### EXERCISE DATA

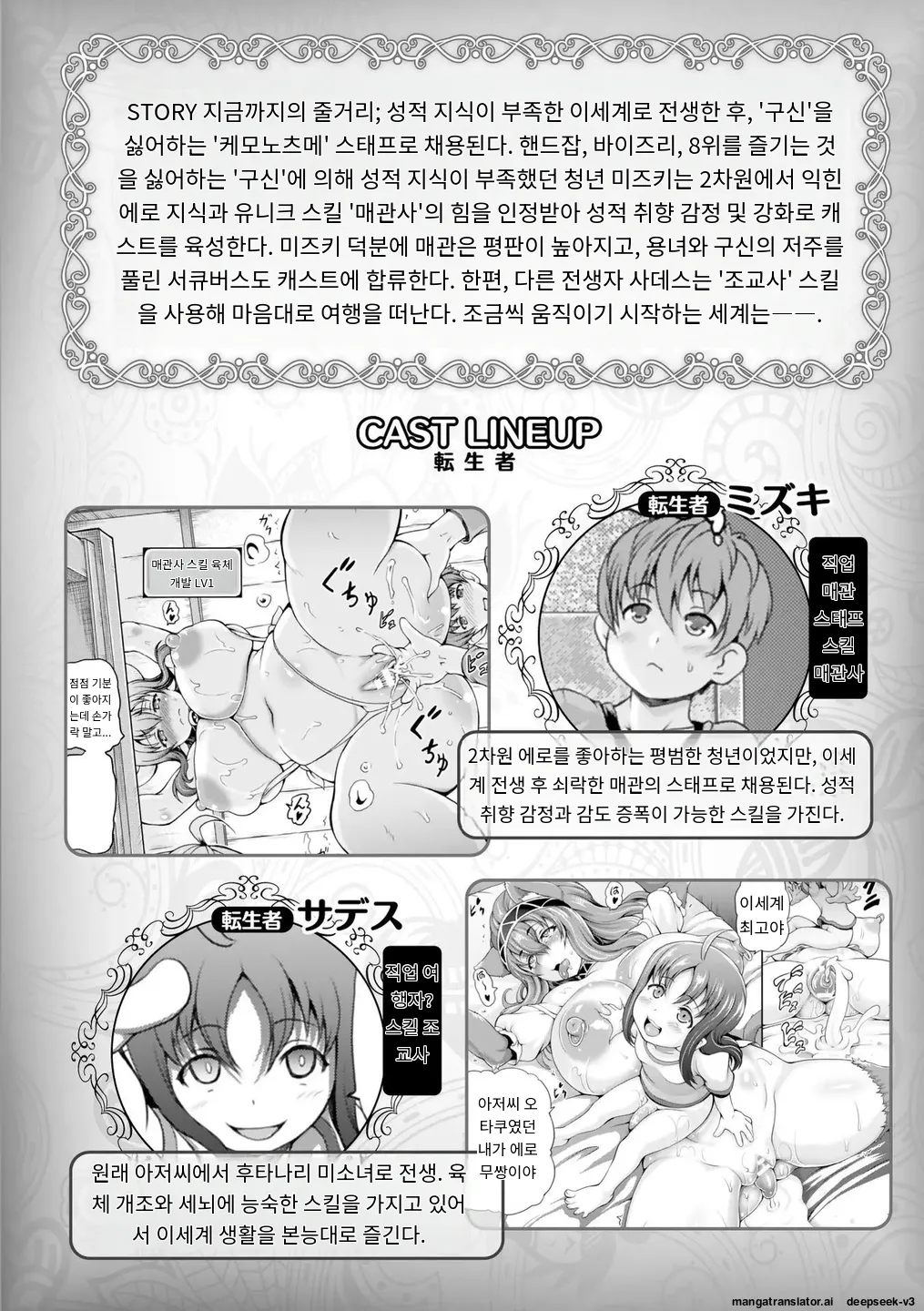 Isekai Shoukan 3 - Brothel in Another World page 4 full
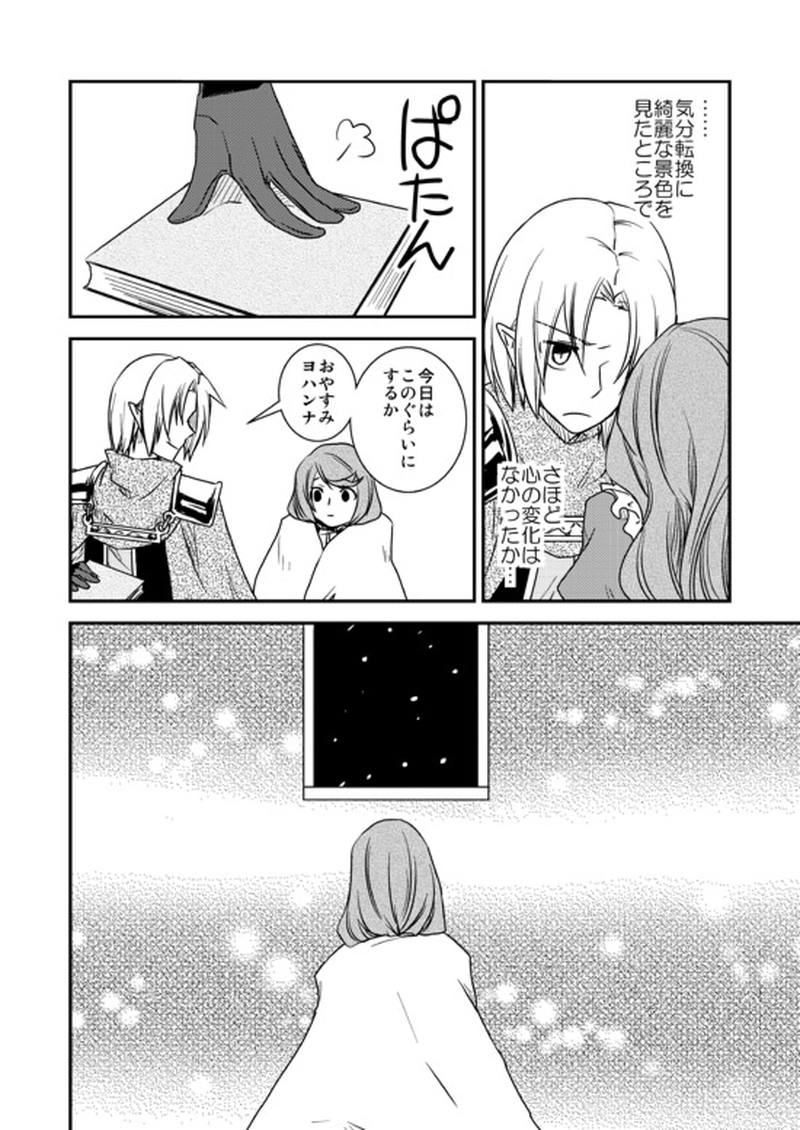 10...美しい悲劇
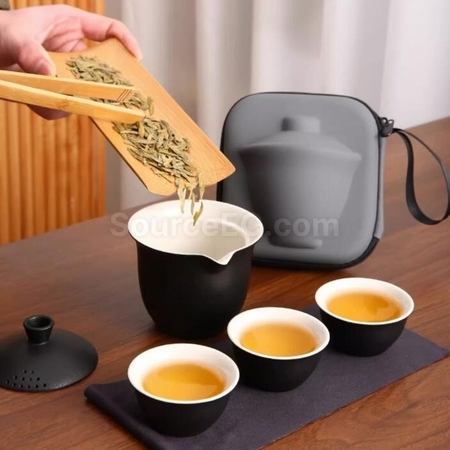 礼品订购功夫茶一壶三杯旅行户外便携套装广告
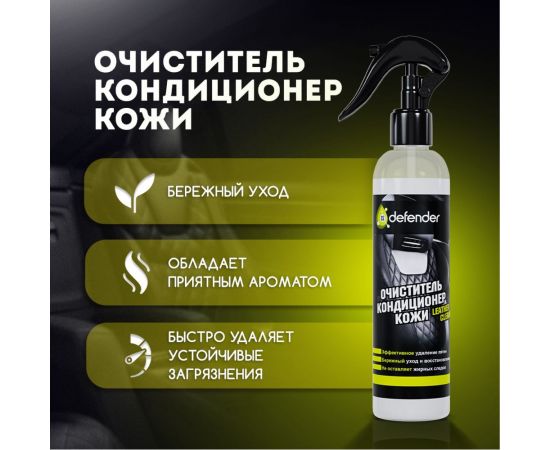 Очиститель-кондиционер кожи Defender 10550 – изображение 7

######

TRY IT:
The finished answer is an exact repetition of the listing, with every picture removed.

ANSWER TO THE EXERCISE:
 Isekai Shoukan 3 - Brothel in Another World page 4 full
 10...美しい悲劇
 礼品订购功夫茶一壶三杯旅行户外便携套装广告
 Очиститель-кондиционер кожи Defender 10550 – изображение 7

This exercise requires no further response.